### TASK PROMPT
After finding "Gradient Butterfly Hairpin" in a line below, print that line and the rest of the lines exactly, leaving out all pictures.

======== SOURCE DATA ========

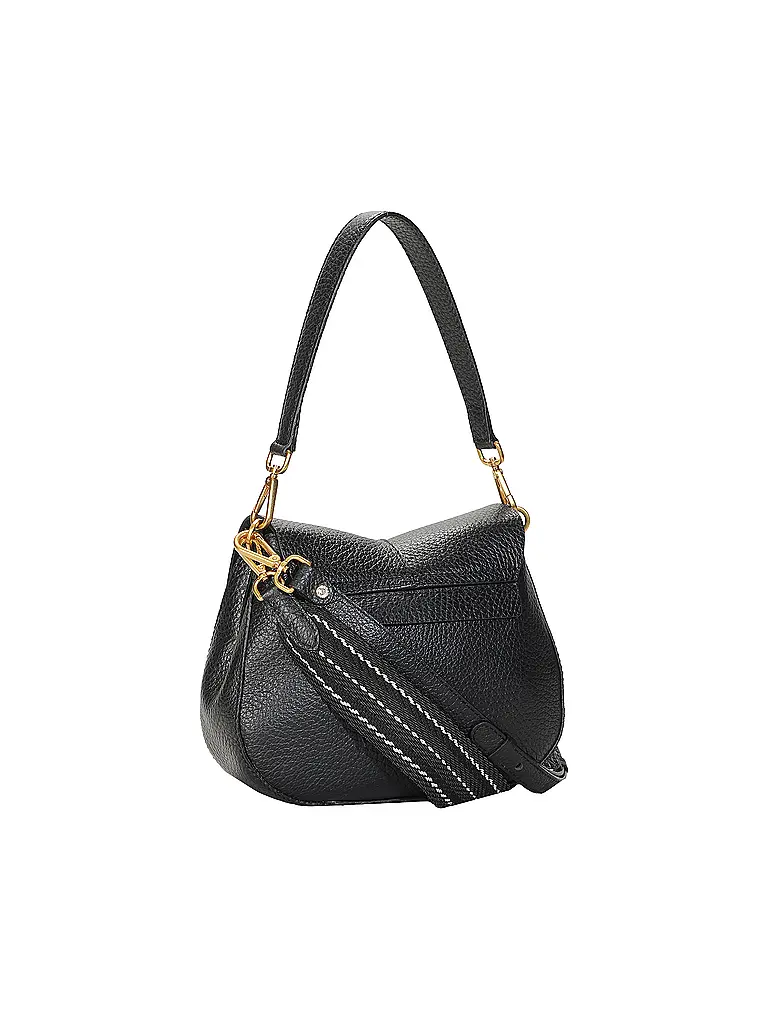 GIANNI CHIARINI | Bolso de cuero - Bolso bandolera HELENA ROUND | Negro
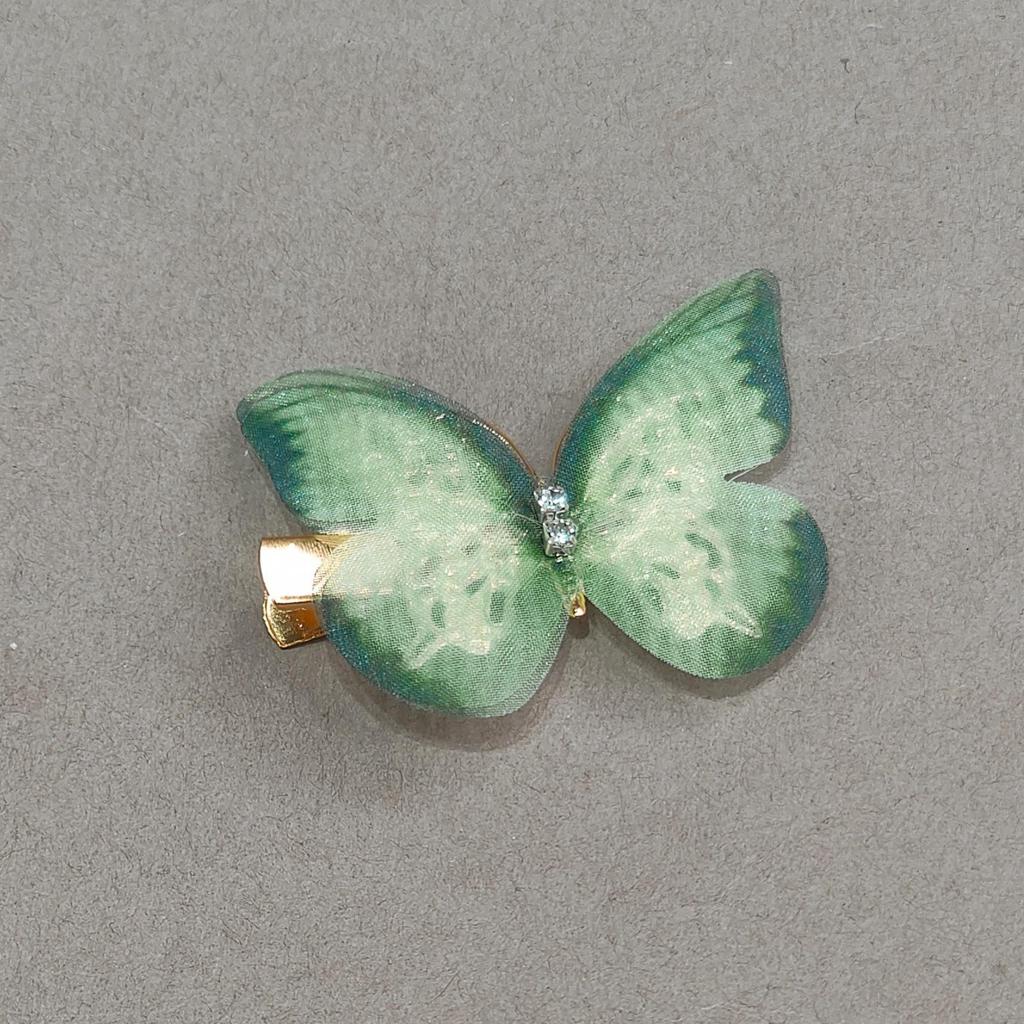 Gradient Butterfly Hairpin for Children - Cute Mesh and Alloy Duckbill Clip, Perfect for Hanfu and Fairy Styles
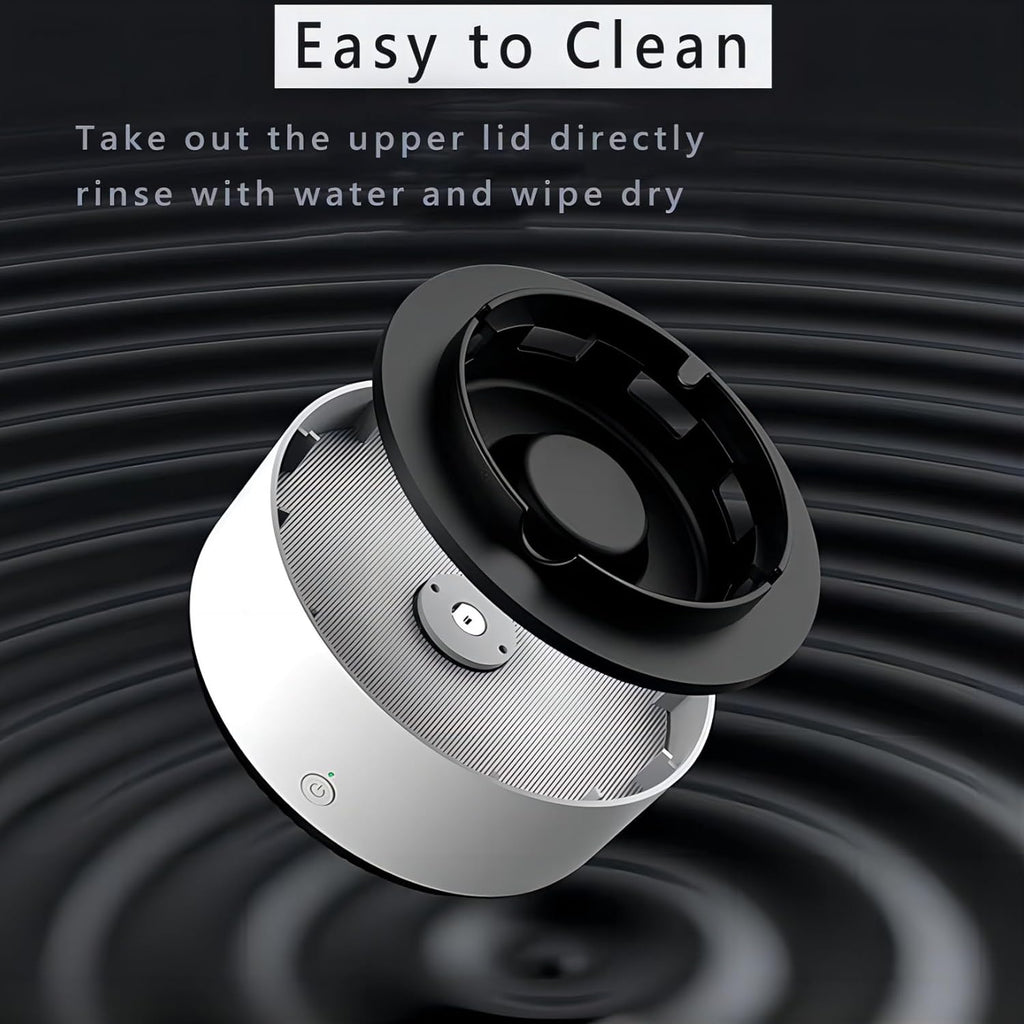 ClearAir Smokeless Ashtray with Smoke Absorber – USB Rechargeable Air Purifier Ashtray for Home & Office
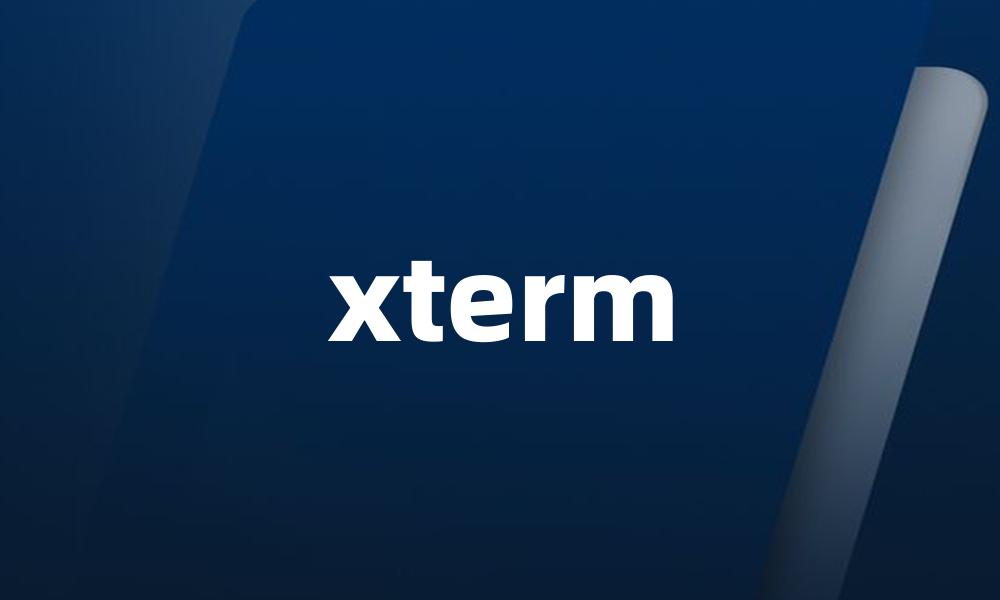 xterm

========

### EXPECTED ANSWER
 Gradient Butterfly Hairpin for Children - Cute Mesh and Alloy Duckbill Clip, Perfect for Hanfu and Fairy Styles
 ClearAir Smokeless Ashtray with Smoke Absorber – USB Rechargeable Air Purifier Ashtray for Home & Office
 xterm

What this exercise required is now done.